Instructions for the task: Print exactly the lines below between the line containing "1推特已婚颜值人妻 爱妻yy 大尺度户外露出 丝袜足控肥臀啪啪后入福利流出" and the line containing "Dundonald Road, London, SW19, photo 2", counting both of those lines. Leave pictures out.

Material provided:
++++++++++++++++++++

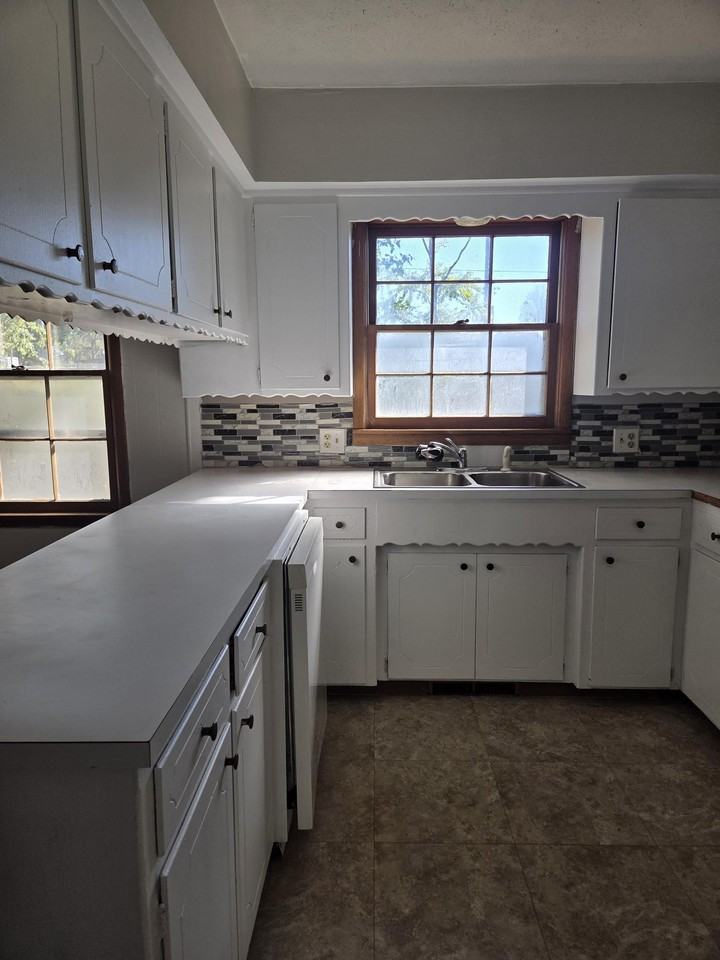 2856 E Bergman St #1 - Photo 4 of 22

++++++++++++++++++++

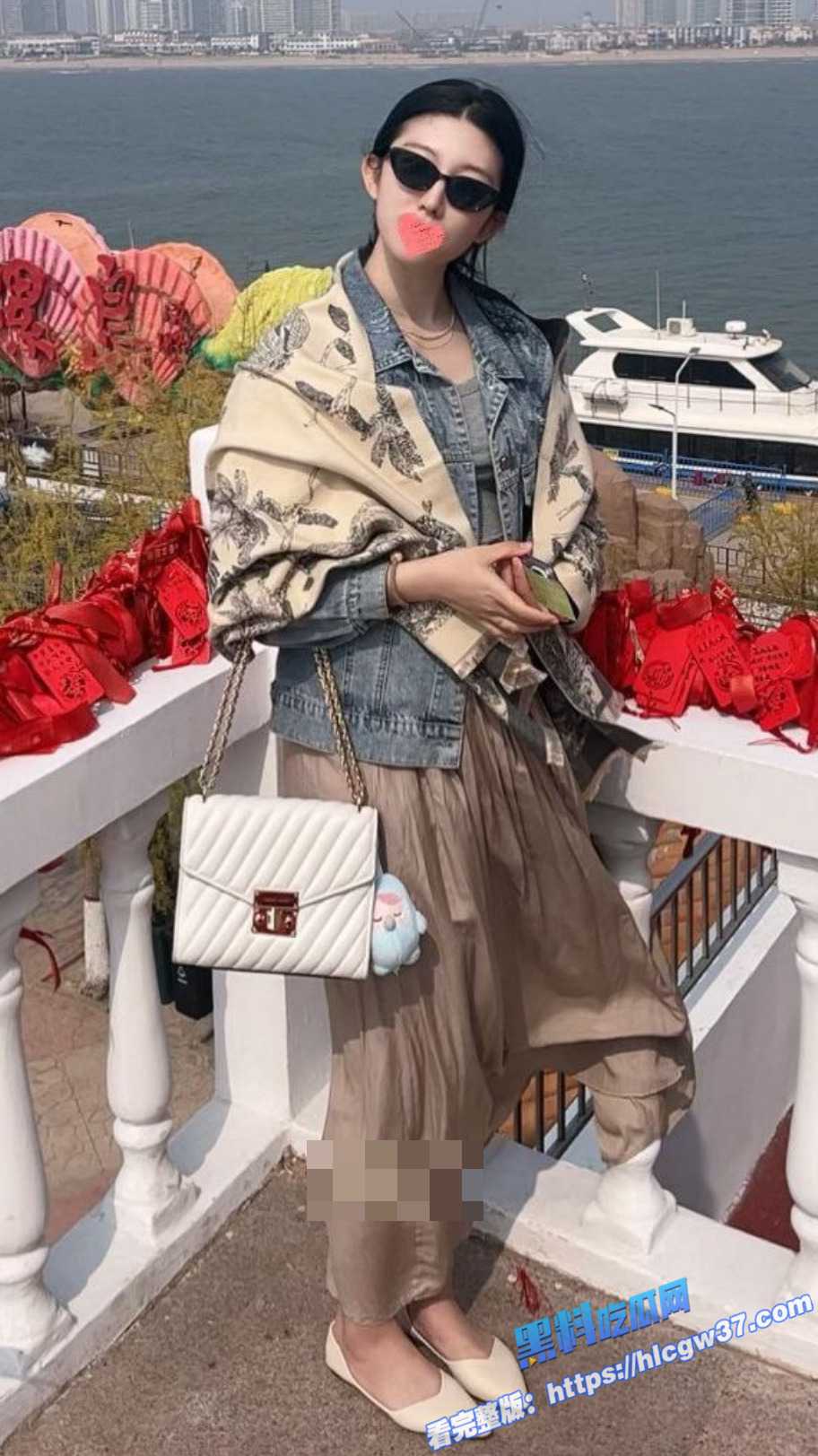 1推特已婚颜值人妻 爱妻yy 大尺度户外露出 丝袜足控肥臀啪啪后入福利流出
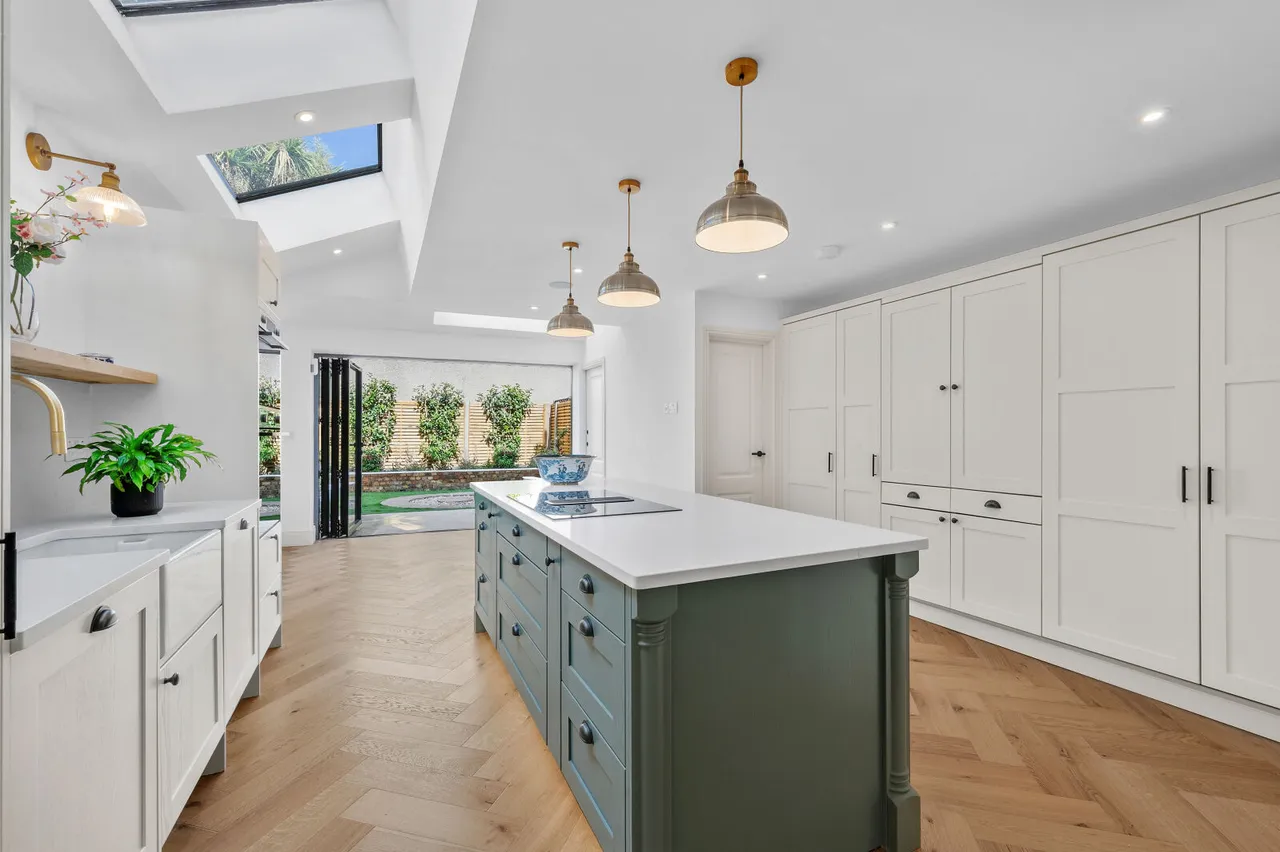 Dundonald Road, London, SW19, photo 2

++++++++++++++++++++

Task result:
 1推特已婚颜值人妻 爱妻yy 大尺度户外露出 丝袜足控肥臀啪啪后入福利流出
 Dundonald Road, London, SW19, photo 2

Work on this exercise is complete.